[Aim of the task]
Copy every line that holds the string "Grey" from the data below.
** Opening Records provided block **
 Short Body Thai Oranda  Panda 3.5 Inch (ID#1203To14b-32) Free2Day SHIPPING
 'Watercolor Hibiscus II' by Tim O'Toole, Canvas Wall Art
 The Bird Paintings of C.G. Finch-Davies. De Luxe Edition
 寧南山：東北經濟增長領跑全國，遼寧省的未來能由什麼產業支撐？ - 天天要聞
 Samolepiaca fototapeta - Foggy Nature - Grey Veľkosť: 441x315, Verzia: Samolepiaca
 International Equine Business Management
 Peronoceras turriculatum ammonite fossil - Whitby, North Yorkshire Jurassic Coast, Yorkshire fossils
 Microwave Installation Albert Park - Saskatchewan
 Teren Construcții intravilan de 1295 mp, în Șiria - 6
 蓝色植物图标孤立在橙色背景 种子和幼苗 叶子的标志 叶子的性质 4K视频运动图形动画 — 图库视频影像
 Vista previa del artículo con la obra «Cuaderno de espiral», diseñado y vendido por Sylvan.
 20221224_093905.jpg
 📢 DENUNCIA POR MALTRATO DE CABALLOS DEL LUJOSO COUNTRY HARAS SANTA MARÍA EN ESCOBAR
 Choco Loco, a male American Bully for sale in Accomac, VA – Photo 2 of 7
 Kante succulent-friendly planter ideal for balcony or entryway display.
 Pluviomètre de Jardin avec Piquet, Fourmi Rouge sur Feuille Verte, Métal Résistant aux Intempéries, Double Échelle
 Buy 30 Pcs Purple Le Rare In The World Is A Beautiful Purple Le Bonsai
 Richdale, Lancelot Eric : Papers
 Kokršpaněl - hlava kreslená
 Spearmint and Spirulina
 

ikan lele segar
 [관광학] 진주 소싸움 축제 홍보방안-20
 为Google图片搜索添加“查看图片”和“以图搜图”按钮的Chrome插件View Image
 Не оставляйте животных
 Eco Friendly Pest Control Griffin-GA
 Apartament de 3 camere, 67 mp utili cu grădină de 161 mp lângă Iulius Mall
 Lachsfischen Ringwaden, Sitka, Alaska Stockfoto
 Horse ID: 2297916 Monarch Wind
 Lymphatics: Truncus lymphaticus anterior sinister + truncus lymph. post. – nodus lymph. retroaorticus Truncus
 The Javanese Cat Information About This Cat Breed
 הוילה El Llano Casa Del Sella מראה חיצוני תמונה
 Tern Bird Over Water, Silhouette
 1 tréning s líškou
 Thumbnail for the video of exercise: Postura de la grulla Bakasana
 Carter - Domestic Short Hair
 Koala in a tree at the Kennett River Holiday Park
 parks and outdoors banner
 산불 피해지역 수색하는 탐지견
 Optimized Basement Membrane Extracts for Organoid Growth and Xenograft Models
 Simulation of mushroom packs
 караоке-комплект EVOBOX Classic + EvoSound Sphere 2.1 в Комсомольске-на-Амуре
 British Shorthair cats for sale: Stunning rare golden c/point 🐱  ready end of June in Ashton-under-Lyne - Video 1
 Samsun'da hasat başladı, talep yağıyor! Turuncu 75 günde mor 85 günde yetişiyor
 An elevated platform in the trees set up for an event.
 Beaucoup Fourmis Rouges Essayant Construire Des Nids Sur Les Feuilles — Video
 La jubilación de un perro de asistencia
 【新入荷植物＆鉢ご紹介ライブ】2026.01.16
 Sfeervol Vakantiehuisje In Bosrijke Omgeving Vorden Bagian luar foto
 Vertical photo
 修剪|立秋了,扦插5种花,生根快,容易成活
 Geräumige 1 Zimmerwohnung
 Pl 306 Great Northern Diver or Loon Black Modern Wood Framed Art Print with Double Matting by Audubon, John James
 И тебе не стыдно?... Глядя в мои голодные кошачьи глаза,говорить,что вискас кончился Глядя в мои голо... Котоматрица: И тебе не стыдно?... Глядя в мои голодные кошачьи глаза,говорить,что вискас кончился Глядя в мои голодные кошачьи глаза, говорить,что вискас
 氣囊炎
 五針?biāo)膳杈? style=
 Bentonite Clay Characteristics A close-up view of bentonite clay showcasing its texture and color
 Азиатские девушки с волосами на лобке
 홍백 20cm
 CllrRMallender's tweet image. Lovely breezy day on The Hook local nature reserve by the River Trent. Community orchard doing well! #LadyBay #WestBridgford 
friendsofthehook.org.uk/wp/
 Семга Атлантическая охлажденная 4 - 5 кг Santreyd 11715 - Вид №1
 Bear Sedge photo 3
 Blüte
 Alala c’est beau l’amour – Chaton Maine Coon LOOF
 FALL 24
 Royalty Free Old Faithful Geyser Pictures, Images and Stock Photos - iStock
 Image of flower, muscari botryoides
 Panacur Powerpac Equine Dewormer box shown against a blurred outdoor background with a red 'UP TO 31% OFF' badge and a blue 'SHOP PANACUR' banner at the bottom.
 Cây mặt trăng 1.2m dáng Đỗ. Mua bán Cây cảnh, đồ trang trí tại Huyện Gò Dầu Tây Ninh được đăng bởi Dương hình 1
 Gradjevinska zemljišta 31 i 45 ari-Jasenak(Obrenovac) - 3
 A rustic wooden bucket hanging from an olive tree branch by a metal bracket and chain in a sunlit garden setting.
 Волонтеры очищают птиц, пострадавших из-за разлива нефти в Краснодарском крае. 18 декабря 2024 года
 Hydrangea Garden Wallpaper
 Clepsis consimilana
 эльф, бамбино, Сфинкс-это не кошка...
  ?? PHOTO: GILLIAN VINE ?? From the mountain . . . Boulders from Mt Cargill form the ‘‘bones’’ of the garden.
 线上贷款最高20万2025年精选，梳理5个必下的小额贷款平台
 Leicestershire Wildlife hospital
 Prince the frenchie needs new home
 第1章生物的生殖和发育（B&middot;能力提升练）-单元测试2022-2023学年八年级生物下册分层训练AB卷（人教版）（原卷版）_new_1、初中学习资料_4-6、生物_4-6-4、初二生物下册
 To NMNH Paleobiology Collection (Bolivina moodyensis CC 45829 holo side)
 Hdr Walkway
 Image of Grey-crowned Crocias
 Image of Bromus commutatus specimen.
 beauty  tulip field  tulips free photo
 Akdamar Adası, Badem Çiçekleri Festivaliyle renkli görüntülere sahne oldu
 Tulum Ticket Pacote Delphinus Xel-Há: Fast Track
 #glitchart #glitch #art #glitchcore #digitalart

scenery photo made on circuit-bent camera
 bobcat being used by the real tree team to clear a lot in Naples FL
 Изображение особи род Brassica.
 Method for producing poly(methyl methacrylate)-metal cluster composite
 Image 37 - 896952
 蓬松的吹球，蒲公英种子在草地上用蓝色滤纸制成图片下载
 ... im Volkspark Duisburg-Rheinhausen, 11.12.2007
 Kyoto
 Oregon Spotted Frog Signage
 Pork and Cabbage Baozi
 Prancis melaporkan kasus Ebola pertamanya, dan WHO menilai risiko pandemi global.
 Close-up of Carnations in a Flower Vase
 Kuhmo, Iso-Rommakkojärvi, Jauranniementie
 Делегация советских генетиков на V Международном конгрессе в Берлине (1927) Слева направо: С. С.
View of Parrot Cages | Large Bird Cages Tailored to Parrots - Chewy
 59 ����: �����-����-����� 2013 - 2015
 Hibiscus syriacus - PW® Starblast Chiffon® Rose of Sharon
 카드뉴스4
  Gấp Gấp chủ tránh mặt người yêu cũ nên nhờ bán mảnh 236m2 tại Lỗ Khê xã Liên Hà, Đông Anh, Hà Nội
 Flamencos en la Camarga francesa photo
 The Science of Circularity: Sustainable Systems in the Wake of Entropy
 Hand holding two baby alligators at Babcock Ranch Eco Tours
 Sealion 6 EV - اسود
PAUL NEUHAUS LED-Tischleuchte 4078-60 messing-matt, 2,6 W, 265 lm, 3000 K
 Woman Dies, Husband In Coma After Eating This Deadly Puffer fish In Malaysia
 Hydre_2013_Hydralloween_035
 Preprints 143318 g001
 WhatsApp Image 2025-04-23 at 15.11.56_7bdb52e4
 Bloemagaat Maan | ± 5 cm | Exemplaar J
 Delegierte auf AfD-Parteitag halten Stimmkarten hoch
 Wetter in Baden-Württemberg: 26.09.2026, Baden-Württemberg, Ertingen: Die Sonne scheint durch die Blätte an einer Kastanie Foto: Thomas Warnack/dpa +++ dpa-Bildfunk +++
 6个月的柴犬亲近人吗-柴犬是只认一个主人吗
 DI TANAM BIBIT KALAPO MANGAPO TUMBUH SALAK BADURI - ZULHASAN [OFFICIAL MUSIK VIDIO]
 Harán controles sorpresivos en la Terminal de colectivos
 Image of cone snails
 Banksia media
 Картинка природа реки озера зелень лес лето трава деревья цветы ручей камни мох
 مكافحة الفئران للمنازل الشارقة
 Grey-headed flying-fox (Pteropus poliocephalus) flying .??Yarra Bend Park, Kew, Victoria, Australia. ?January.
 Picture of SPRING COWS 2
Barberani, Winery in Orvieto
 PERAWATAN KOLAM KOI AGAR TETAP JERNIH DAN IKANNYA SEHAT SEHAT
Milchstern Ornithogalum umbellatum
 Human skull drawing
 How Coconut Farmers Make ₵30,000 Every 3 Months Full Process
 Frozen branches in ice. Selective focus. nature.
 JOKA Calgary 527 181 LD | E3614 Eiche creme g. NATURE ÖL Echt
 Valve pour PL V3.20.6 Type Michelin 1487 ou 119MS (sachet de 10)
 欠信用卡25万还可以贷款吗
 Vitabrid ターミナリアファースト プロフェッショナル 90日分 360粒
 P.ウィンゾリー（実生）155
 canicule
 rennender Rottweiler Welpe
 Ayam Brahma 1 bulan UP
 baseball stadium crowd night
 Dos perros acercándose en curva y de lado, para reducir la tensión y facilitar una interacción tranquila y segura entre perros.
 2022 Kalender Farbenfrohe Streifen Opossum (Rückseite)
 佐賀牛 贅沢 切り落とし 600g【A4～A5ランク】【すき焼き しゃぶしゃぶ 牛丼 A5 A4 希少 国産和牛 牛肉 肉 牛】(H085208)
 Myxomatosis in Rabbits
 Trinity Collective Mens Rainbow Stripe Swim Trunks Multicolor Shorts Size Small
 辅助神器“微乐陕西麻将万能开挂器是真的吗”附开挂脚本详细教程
** Closing Records provided block **
[Completed exercise]
 Samolepiaca fototapeta - Foggy Nature - Grey Veľkosť: 441x315, Verzia: Samolepiaca
 Image of Grey-crowned Crocias
 Grey-headed flying-fox (Pteropus poliocephalus) flying .??Yarra Bend Park, Kew, Victoria, Australia. ?January.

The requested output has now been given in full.